Cueball Cueball's picture

howardbeale wrote:

Wow contrarian. That's huge. it also, IMO, reflects the divisions within the elite that are going on.

Does it? People seem shocked everytime some television station or official announces something that appear to contradict the Khameni/Amedinejad line. Iran of course is an totalitarian theocratic police state, so we say, and so the appearance of any counter-narrative must be an example of some kind of serious breach within the hierarchy itself.

Isn't it possible that we are being to clever by half in our analysis  and that actually Iran is not as much of an totalitarian theorcratic police state as we believe, and in fact the elections investigator is empowered to do his job, and feels he is obliged to do so, and so does it and annouces the results, and the press also feels free to report his findings, and everything is not actually some clever plot by corrupt official vying for power within a system where the docile press reports only the official version of events?

howardbeale howardbeale's picture

No. When 1,000,000 people are on the streets and all the TV stations are doing a news blackout of it, I would say that's total bullshit.

Erik Redburn

I just want to add my thanks to Sanizadeh, I see I may have misunderstood you and underestimated Mousavi as well.  I just don't expect anyone in his difficult situation to be absolurely perfect, as long as he's aiming in a more progressive direction.

 

SNZD: "Mousavi was the prime minister of Iran between 1981-1989, and foreign minister before it. He was a leftwing Islamist who believed (and still believes) in a degree of state control of the economy. During his tenure, when Iran-Iraq war was underway, he brought major industries under state control, imposed strict price control and subsidies for necessary goods, and refused to borrow a dime from outside sources. As a result, during the war teh poor managed to survive the hardship and at the end of the war, Iran emerged with no foreign debt."

Cueball Cueball's picture

vaudree wrote:

Cueball, I was just pointing out a fact when pointing out about the underwear being a sign of rebellion. I am probably just as upset as you are every time that a little girl gets kicked out of soccer or judo for wanting to wear her hijab. Also notice in the same peice that the female rapper, who is breaking every taboo in the book with her music and it being witnessed doing something that could get her arrested still wears her scarf. On the other hand, the wife of the singer in the rock band appears on camera with her hair completely uncovered.
There are some who would prefer to wear less restrictive clothing, some who are ok with it, and others in both camp who like to rebel in small ways because they do not like State control.
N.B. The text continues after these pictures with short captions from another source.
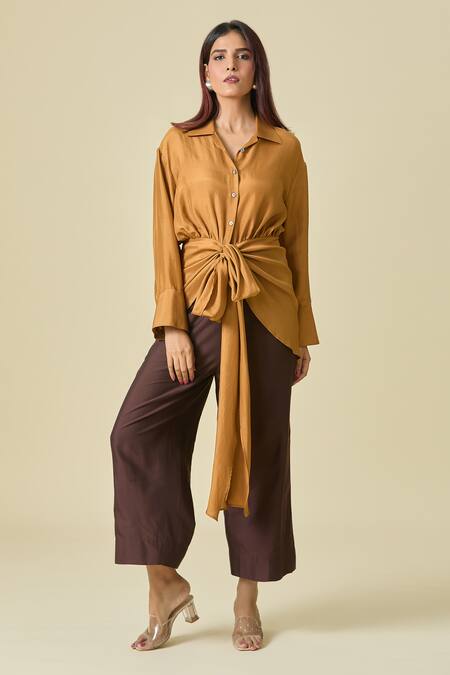 Shweta Kapoor_Brown Cotton Collared Asymmetric Draped Shirt _at_Aza_Fashions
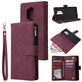 Mobigear Zipper OnePlus 8 Pro Hoesje Bookcase Portemonnee - Rood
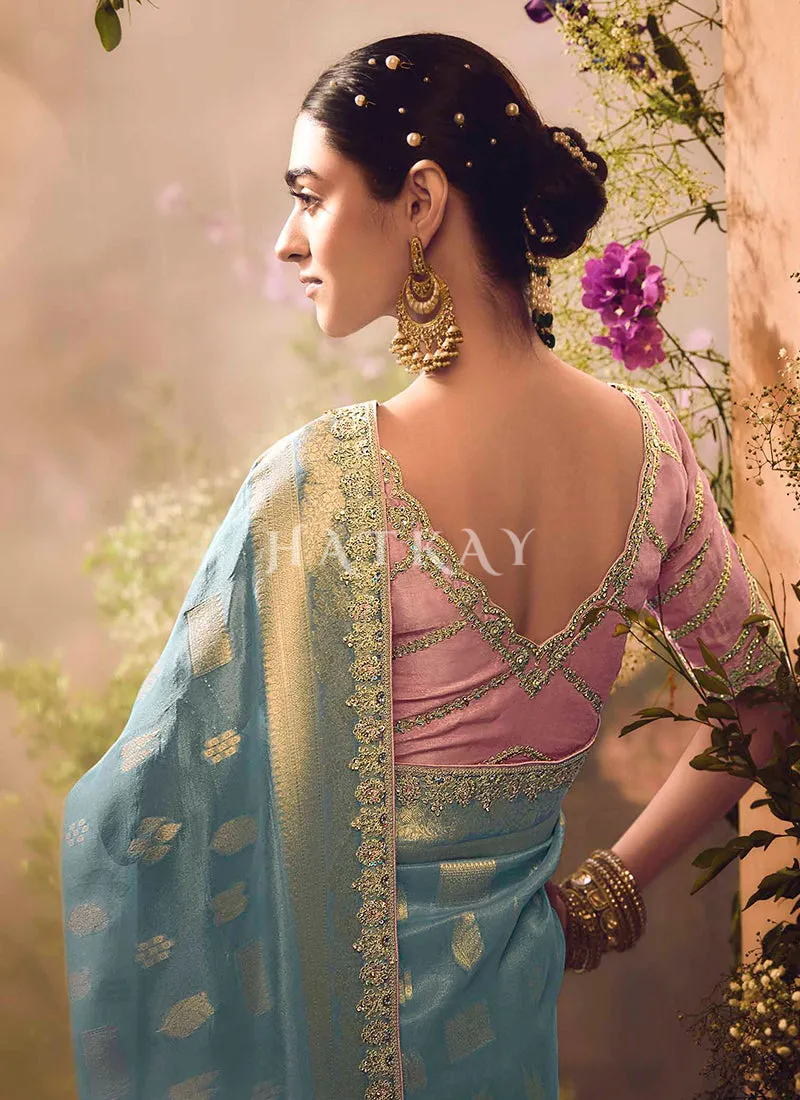 Blue And Pink Embroidery Banarasi Saree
I wasn't really responding to your post about ladies underwear in Iran, and its political context per se. It is actually quite an intersting aspect of Iranian culture that Tehran night life is actually supposed to be pretty wild. When shorn of modest clothing many women often wear quite outrageous clothing underneath, which only appear indoors. Certainly the rich seem to have no problem aquiring the latest Haute Cuture fashion items for use at their private soirees. At least that is what people tell me.

Here is some footage of a quite well dressed young lady stepping out of her car to beat up on some old lady in Chador: http://www.youtube.com/watch?v=H5-RkSaRfZY

But this discussion does say something about the kind of places we seem to end up when contextualizing women's rights in the "Hijab" debate. Despite our best intentions, yours and mine, in the middle of fairly serious political turmoil in Iran we are ineed talking about the relationship between women's rights and ladies underwear.

How did that happen?

NDPP

Why the Islamic Republic has Survived

http://merip.org/mer/mer250/abrahamian.html

"What accounts for the 30-year survival of the Islamic Republic?...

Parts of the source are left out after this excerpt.